**WORK TASK:** Write out the line with "Разработка логотипа компании" and every later line through the end of the data below, exactly as given, with no pictures in the copy.

============

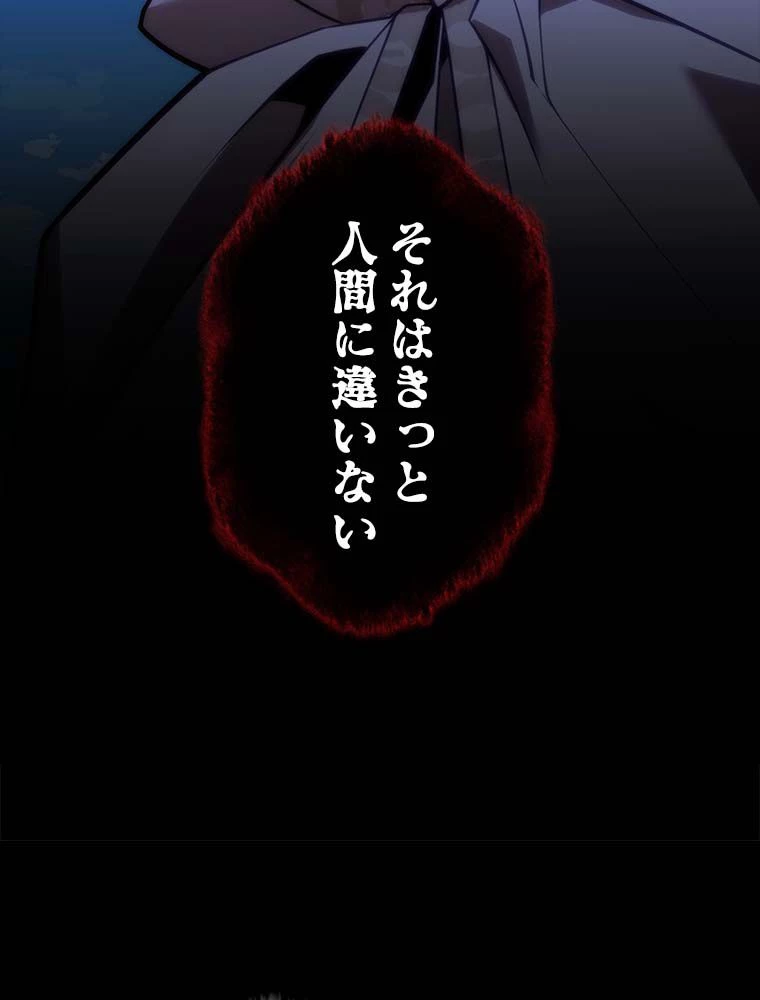 テムパル〜アイテムの力〜 第142話 - 153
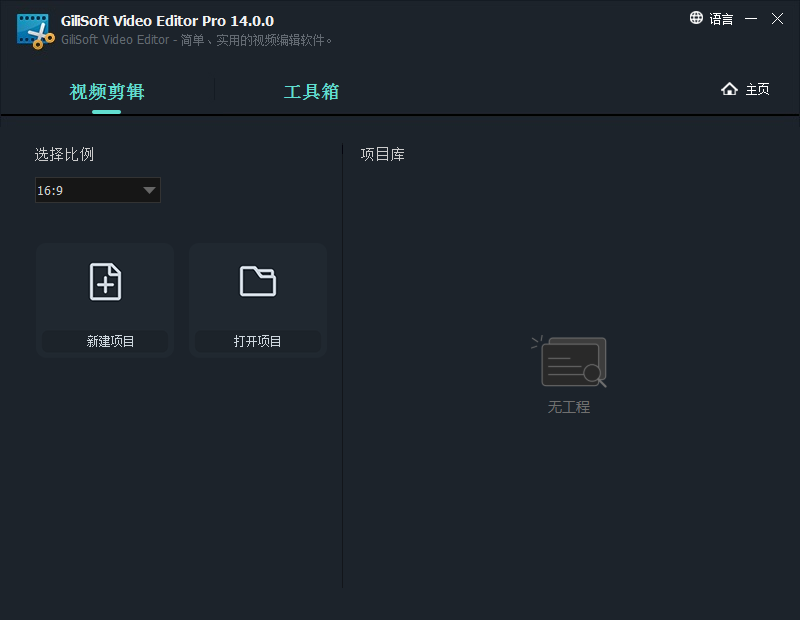 GiliSoft Video Editor 14【全能型视频编辑器】绿色破解版下载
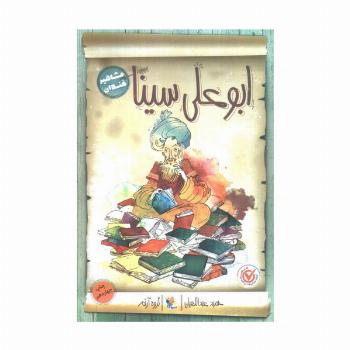 ابوعلی سینا (مشاهیر خندان)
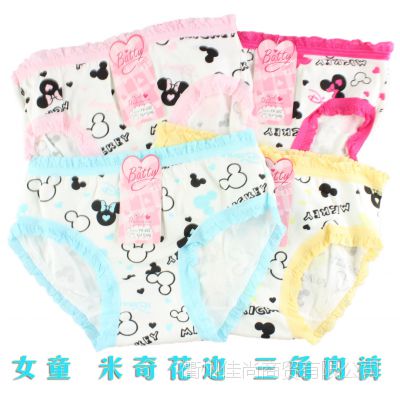 Ůͯͷڿ ͷȫӡƽǿͯڿ
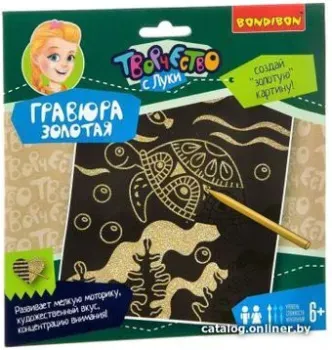 Bondibon Гравюра золотая детская ВВ1957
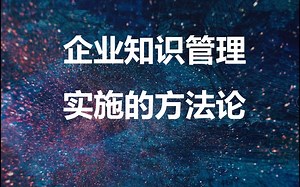 企业知识管理实施的方法论FromKMCenter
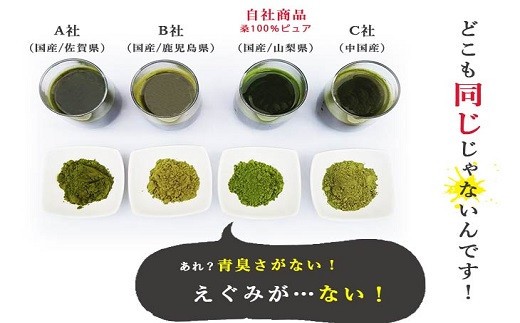 桑茶100%・ノンカフェインな健康茶・飲むサラダ・青汁　10包×6袋[5839-1204]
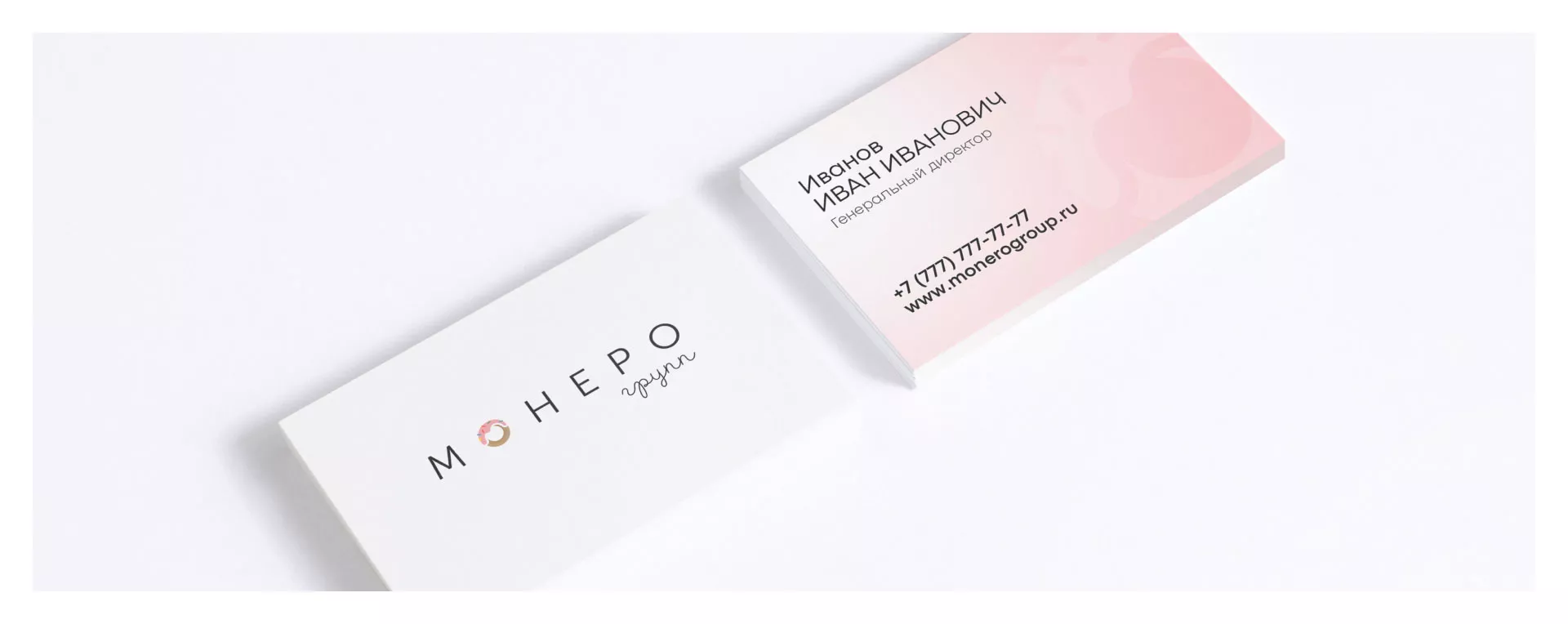 Разработка логотипа компании по продаже кондитерских изделий в Саратове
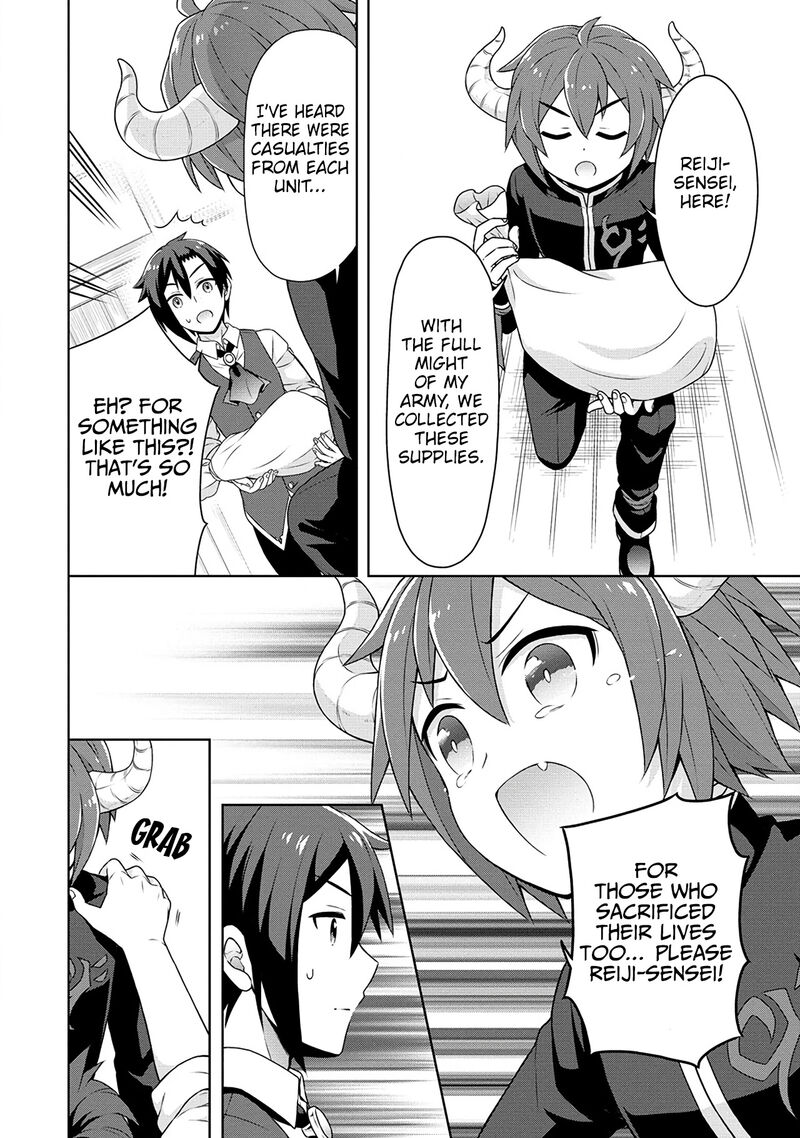 Cheat Kusushi No Slow Life Isekai Ni Tsukurou Drugstore 48 16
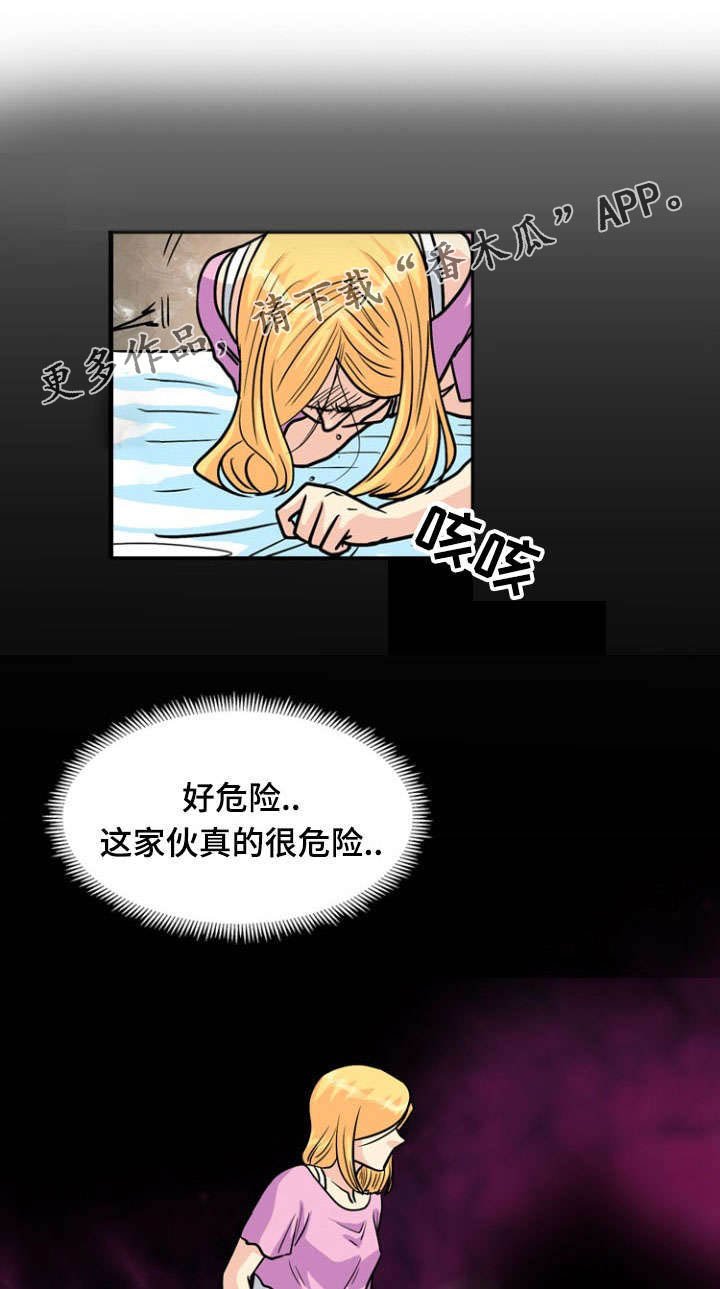 第48章：反击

============

**TASK SOLUTION:**
 Разработка логотипа компании по продаже кондитерских изделий в Саратове
 Cheat Kusushi No Slow Life Isekai Ni Tsukurou Drugstore 48 16
 第48章：反击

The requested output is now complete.